## WHAT TO DO
Please reproduce exactly the line that contains "Beginnings Large Filigree" and every line after it through the end of the records below, adding nothing else.

(Data entries)
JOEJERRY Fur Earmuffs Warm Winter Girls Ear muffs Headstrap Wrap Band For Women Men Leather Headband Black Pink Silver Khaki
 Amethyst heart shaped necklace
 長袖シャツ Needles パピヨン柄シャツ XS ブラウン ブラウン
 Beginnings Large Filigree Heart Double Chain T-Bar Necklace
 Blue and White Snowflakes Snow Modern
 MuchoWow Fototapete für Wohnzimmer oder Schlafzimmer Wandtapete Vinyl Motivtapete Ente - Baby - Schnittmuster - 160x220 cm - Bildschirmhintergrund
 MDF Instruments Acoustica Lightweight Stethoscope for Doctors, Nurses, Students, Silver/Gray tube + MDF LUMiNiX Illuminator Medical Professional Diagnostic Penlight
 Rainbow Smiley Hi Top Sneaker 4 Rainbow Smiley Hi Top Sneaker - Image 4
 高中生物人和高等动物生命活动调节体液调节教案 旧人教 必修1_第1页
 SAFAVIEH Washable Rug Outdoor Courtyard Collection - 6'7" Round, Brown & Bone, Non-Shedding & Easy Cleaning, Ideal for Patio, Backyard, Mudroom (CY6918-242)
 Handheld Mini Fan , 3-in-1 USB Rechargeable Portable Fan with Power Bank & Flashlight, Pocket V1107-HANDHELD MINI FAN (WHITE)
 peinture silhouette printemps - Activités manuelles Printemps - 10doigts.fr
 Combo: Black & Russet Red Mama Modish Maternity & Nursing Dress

## RESPONSE BOX
 Beginnings Large Filigree Heart Double Chain T-Bar Necklace
 Blue and White Snowflakes Snow Modern
 MuchoWow Fototapete für Wohnzimmer oder Schlafzimmer Wandtapete Vinyl Motivtapete Ente - Baby - Schnittmuster - 160x220 cm - Bildschirmhintergrund
 MDF Instruments Acoustica Lightweight Stethoscope for Doctors, Nurses, Students, Silver/Gray tube + MDF LUMiNiX Illuminator Medical Professional Diagnostic Penlight
 Rainbow Smiley Hi Top Sneaker 4 Rainbow Smiley Hi Top Sneaker - Image 4
 高中生物人和高等动物生命活动调节体液调节教案 旧人教 必修1_第1页
 SAFAVIEH Washable Rug Outdoor Courtyard Collection - 6'7" Round, Brown & Bone, Non-Shedding & Easy Cleaning, Ideal for Patio, Backyard, Mudroom (CY6918-242)
 Handheld Mini Fan , 3-in-1 USB Rechargeable Portable Fan with Power Bank & Flashlight, Pocket V1107-HANDHELD MINI FAN (WHITE)
 peinture silhouette printemps - Activités manuelles Printemps - 10doigts.fr
 Combo: Black & Russet Red Mama Modish Maternity & Nursing Dress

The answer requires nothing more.